Xiaomi on Friday announced the Mi Air Charge, a new wireless charging tech as its proprietary technology. As its name suggests, Mi Air Charge is designed to let users remotely charge their electronic devices including smartphones without any cables, pads, or wireless charging stands. This is unlike existing wireless charging technologies like the ones based on the widely adopted Qi standard in which the power transfers wirelessly using inductive charging over a distance of up to four centimetres. Xiaomi’s Mi Air Charge is claimed to charge multiple devices “within a radius of several metres” — and even with physical obstacles. Despite the announcement, the tech will not become generally available in the near future, and remains in a concept phase.
To enable the new Mi Air Charge wireless charging experience, Xiaomi has developed an in-house isolated charging pile with a phase control array that consists of 144 antennas transmitting millimetre-wide waves. These waves go directly to the smartphone that requires charging through beamforming. The charging pile also carries five phase interference antennas to understand the location of the smartphone.
Xiaomi’s Mi Air Charge tech is only being showcased for now, with a Xiaomi spokesperson providing clarity on Twitter by saying that the Mi Air Charge is currently a tech demo and is not coming to any consumer products this year. It is currently unclear whether Xiaomi has applied for any regulatory approvals for the new wireless charging technology. The company has also not provided any details on whether its development has been tested for health risks. We’ve reached out for more details.
As Xiaomi is using a proprietary technology infrastructure, the smartphones that can work with Mi Air Charge will require an antenna array with a built-in beacon antenna and receiving antenna array.
“Beacon antenna broadcasts position information with low power consumption. The receiving antenna array composed of 14 antennas converts the millimetre wave signal emitted by the charging pile into electric energy through the rectifier circuit, to turn the sci-fi charging experience into reality,” the company said in a blog post.
The initial model of Mi Air Charge technology is said to be capable of delivering 5W remote charging for a single device within a radius of several metres. However, the company claims that multiple devices can also be simultaneously charged with each of them supporting 5W using the same technology. Xiaomi has demonstrated the new technology for smartphones, though it mentioned that it would work with smart watches, bracelets, and other wearables in the near future.
“Soon our living room devices, including speakers, desk lamps and other small smart home products, will all be built upon a wireless power supply design, completely free of wires, making our living rooms truly wireless,” the company said.

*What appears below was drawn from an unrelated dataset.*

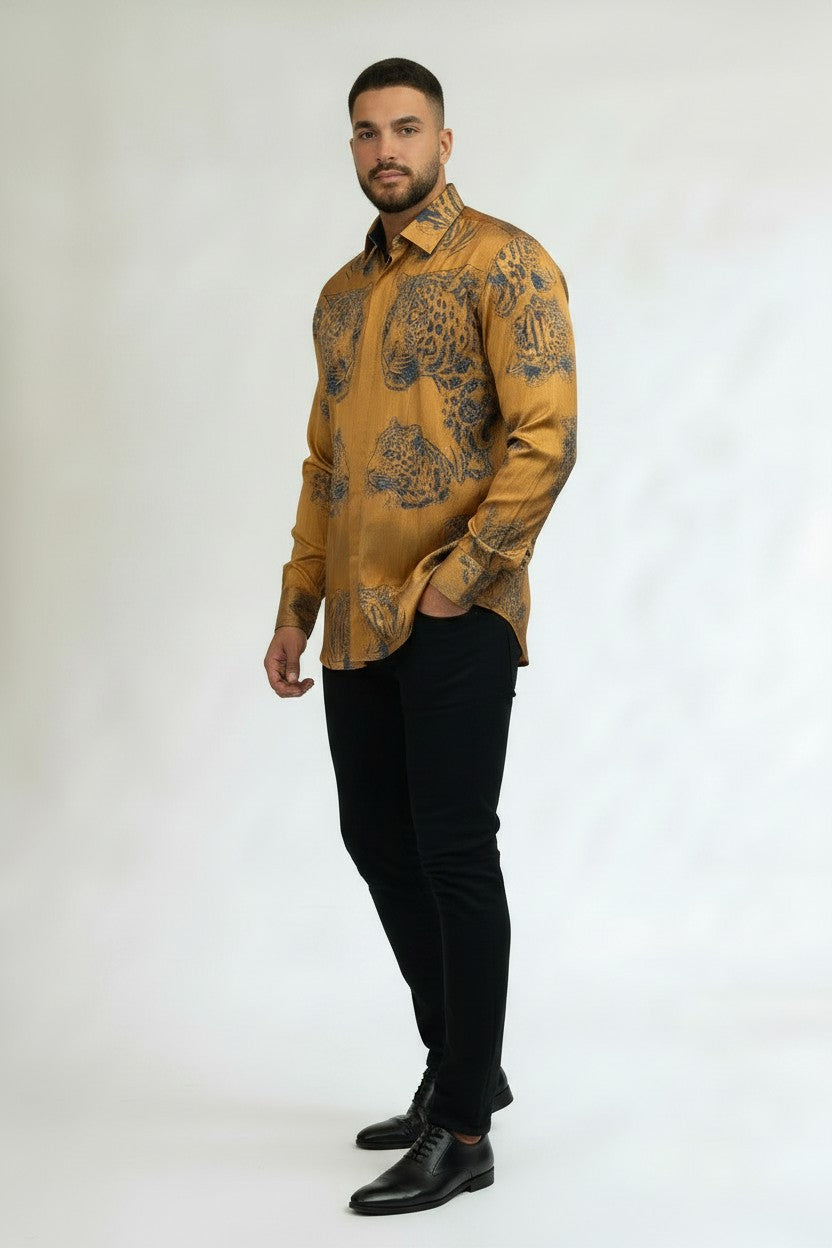 Men’s Leopard Head Satin Print Shirt | Fashion Jade Shirts Fashion Jade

Similar to Xiaomi, Motorola appears to have its proprietary wireless charging technology in the works that could charge smartphones over the distance of up to one metre. A Lenovo executive posted a video on Weibo to showcase a prototype of the new technology that carries the Motorola One Hyper branding, without revealing any specific details.
In April last year, Oppo released a teaser showing an over the air wireless charging concept that it called FreeVOOC. The Chinese company released a video that highlighted the new charging experience on the Oppo Reno Ace Infinity smartphone. However, it didn’t receive an official launch.